* EXERCISE DETAILS *
Could you write out the listing below exactly as it stands, leaving out the pictures?

****************

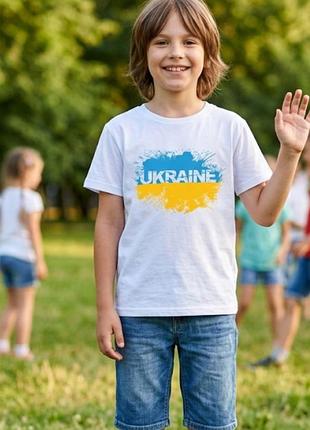 Біла футболка для хлопчика 10 років 🔹 розмір 140-146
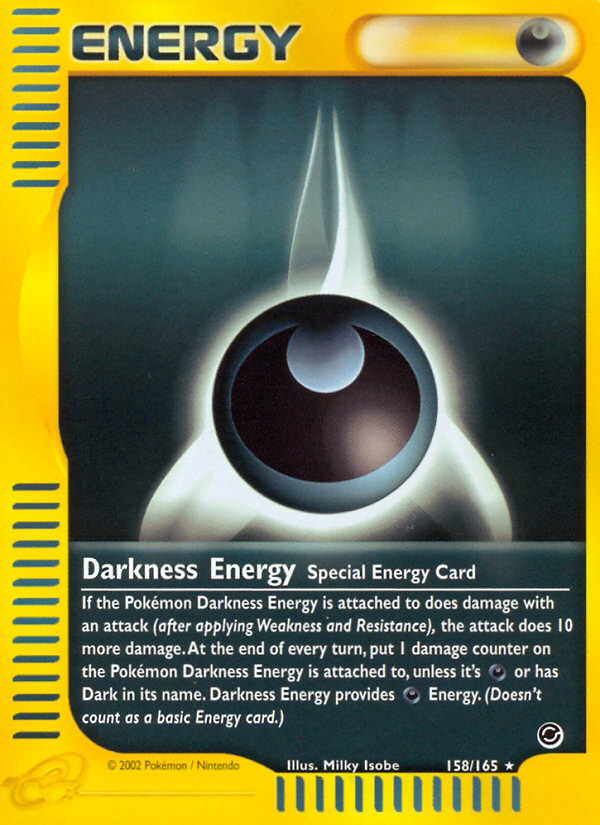 Darkness Energy (158/165) [Expedition: Base Set] Reverse Holofoil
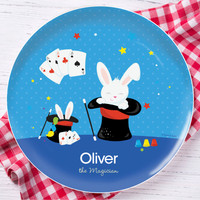 Cute Magician Boy Kids Plate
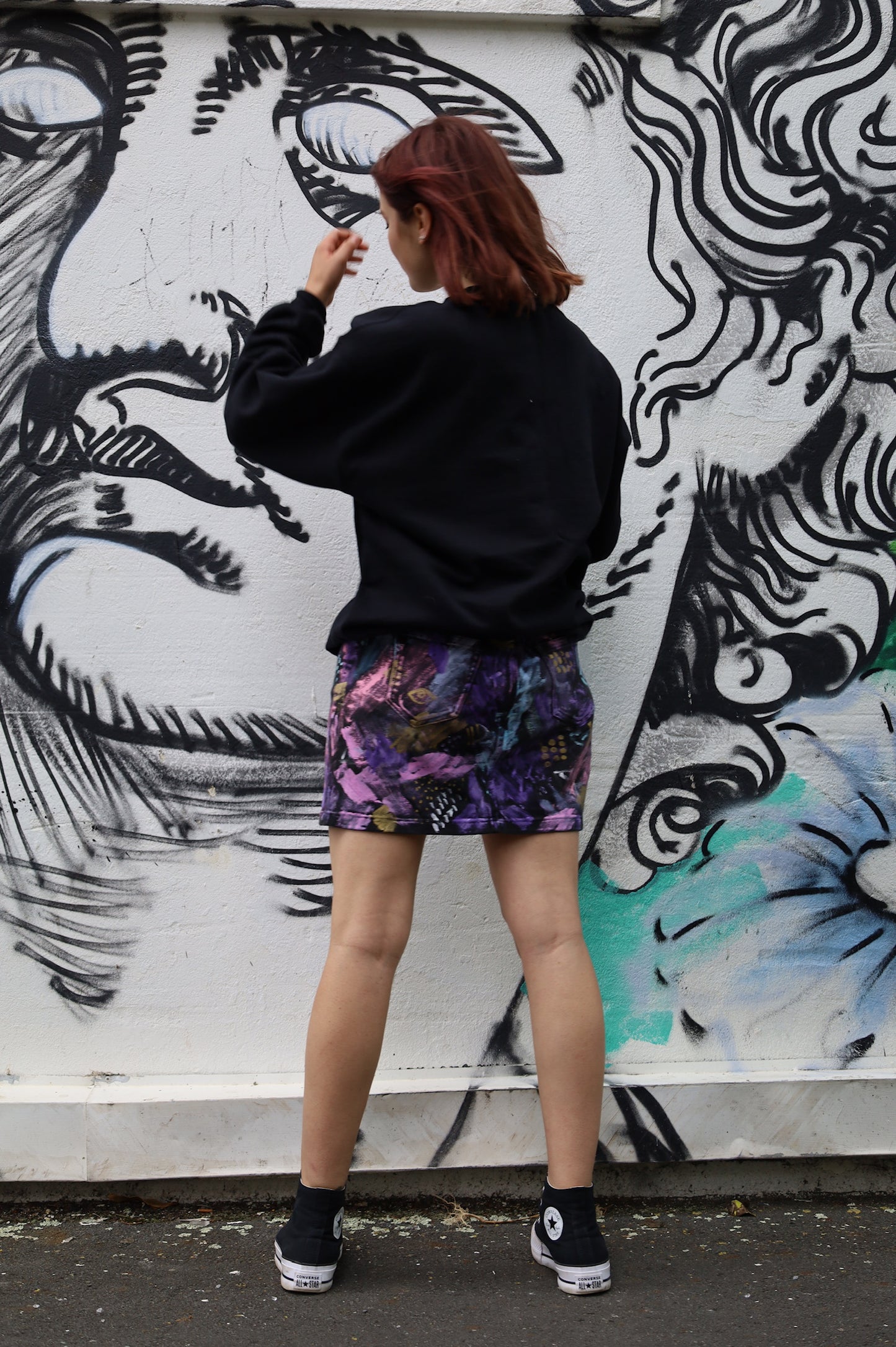 Lucid Lovers Denim Skirt size 16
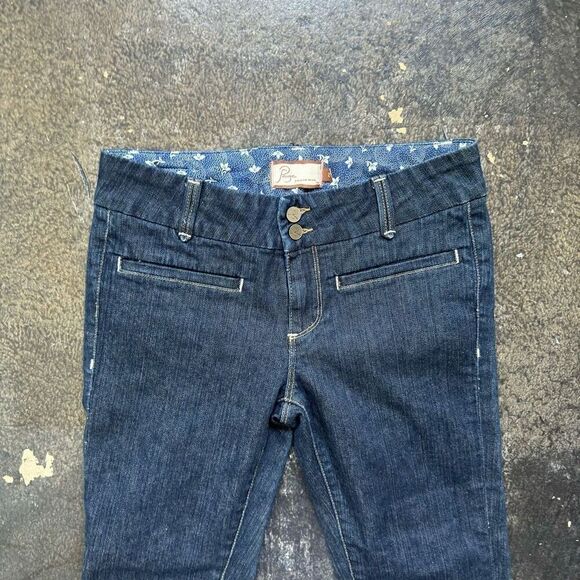 Paige Jeans Dark Wash Blue Women’s Jeans Hayworth Style Size 27 Stretch Style - Picture 2 of 10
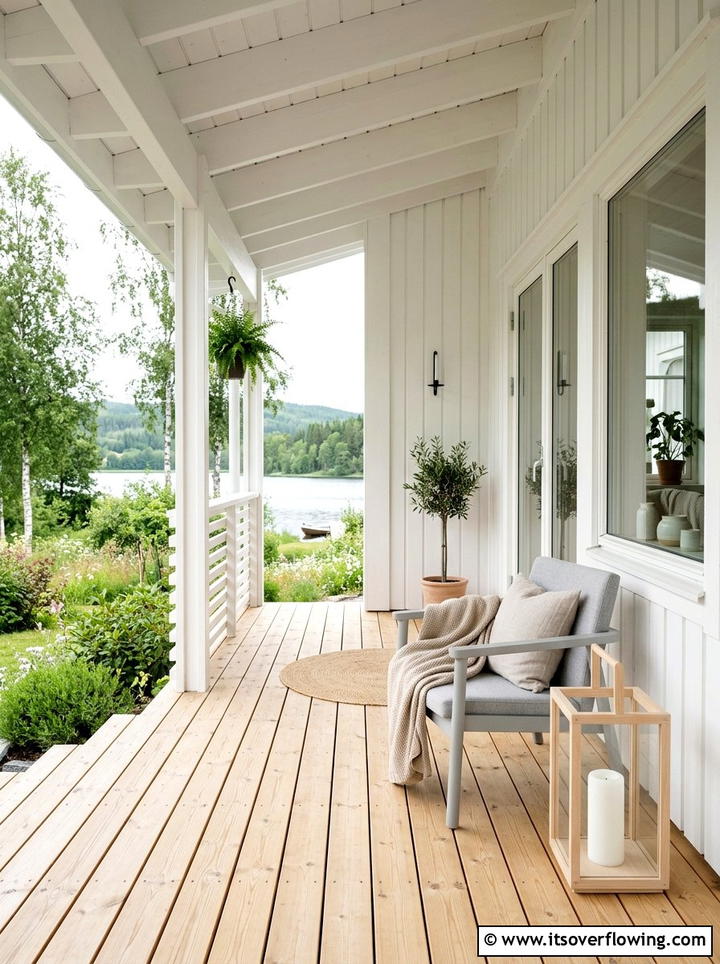 Scandinavian Porch Style - 25 front porch ideas with candle lanterns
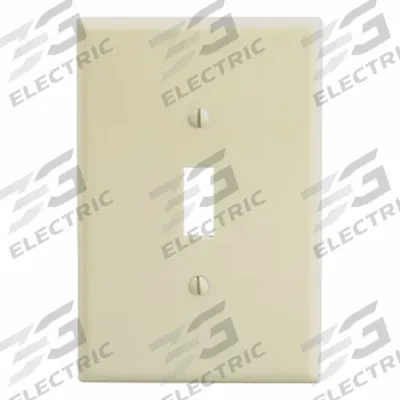 LEVITON Wall Plate: Toggle, 1 Gang, Ivory - General Purpose Wall Plates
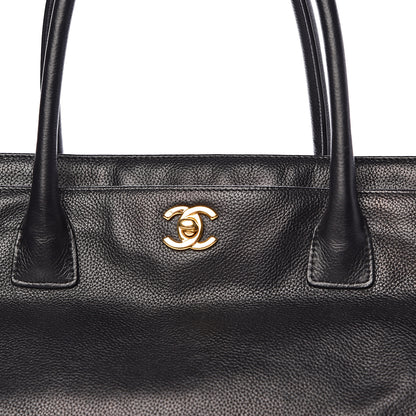 Chanel Calfskin Cerf Executive Shopper Tote Black 11 of 11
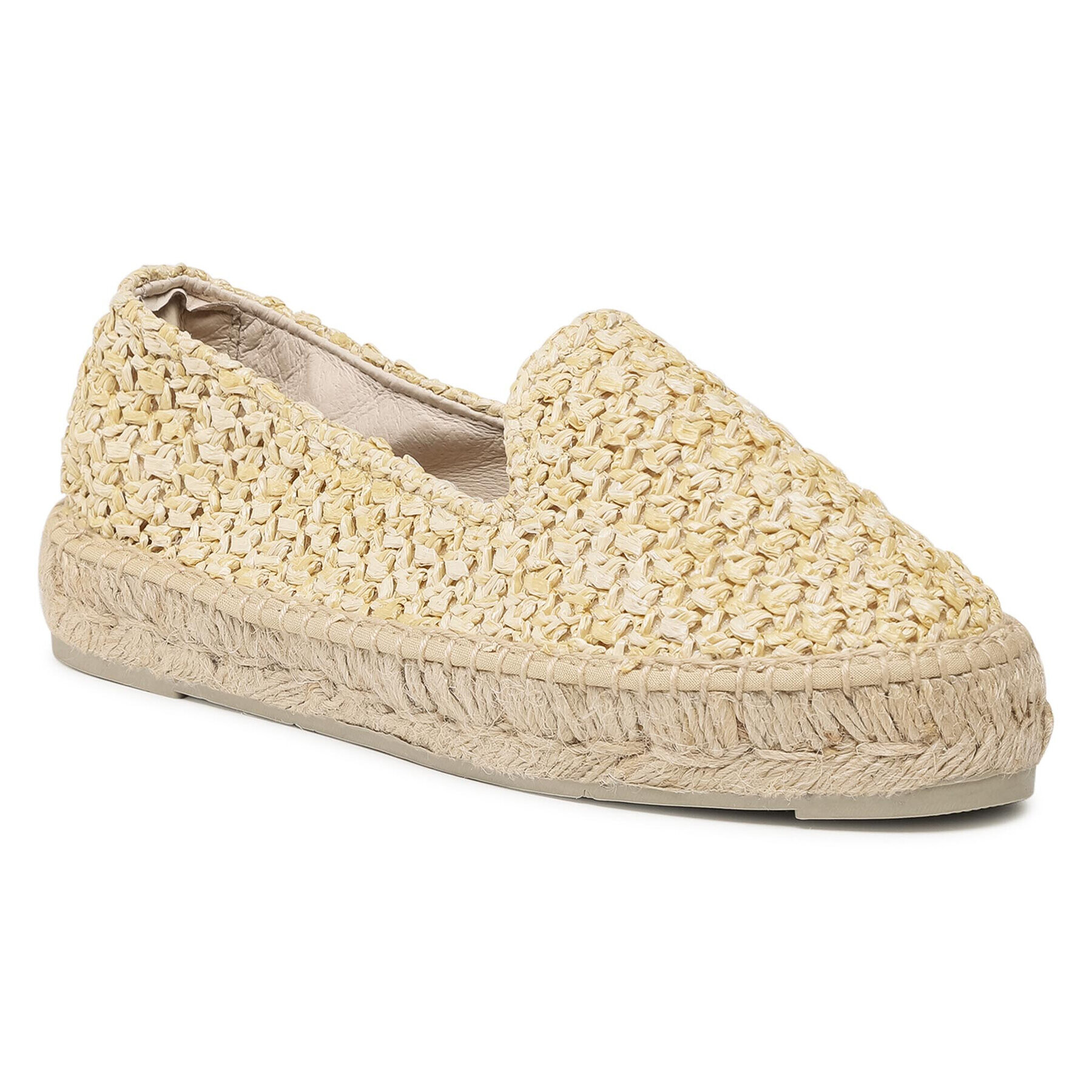 Manebi Еспадрили Slippers W V 2.7 N0 Бежов - Pepit.bg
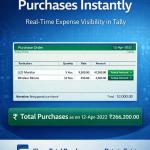 Show Total Purchase as on Date in Entries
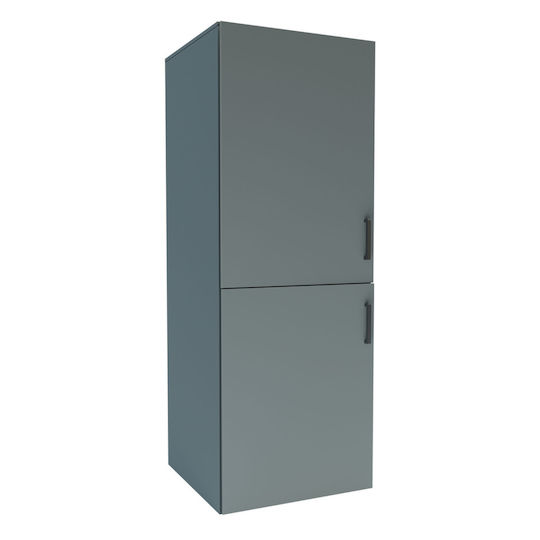 Alphab2b Bathroom Cabinet Laundry L70xW68xH190cm Gray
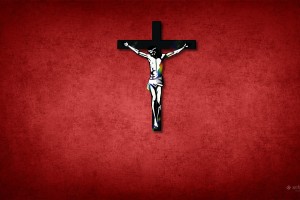 Jesus Wallpapers Images HD crucified red background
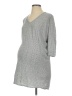 Hatch 100% Linen Gray 3/4 Sleeve Top Size P Maternity (Petite) - photo 1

****************

* YOUR SOLUTION *
 Біла футболка для хлопчика 10 років 🔹 розмір 140-146
 Darkness Energy (158/165) [Expedition: Base Set] Reverse Holofoil
 Cute Magician Boy Kids Plate
 Lucid Lovers Denim Skirt size 16
 Paige Jeans Dark Wash Blue Women’s Jeans Hayworth Style Size 27 Stretch Style - Picture 2 of 10
 Scandinavian Porch Style - 25 front porch ideas with candle lanterns
 LEVITON Wall Plate: Toggle, 1 Gang, Ivory - General Purpose Wall Plates
 Chanel Calfskin Cerf Executive Shopper Tote Black 11 of 11
 Manebi Еспадрили Slippers W V 2.7 N0 Бежов - Pepit.bg
 Show Total Purchase as on Date in Entries
 Alphab2b Bathroom Cabinet Laundry L70xW68xH190cm Gray
 Jesus Wallpapers Images HD crucified red background
 Hatch 100% Linen Gray 3/4 Sleeve Top Size P Maternity (Petite) - photo 1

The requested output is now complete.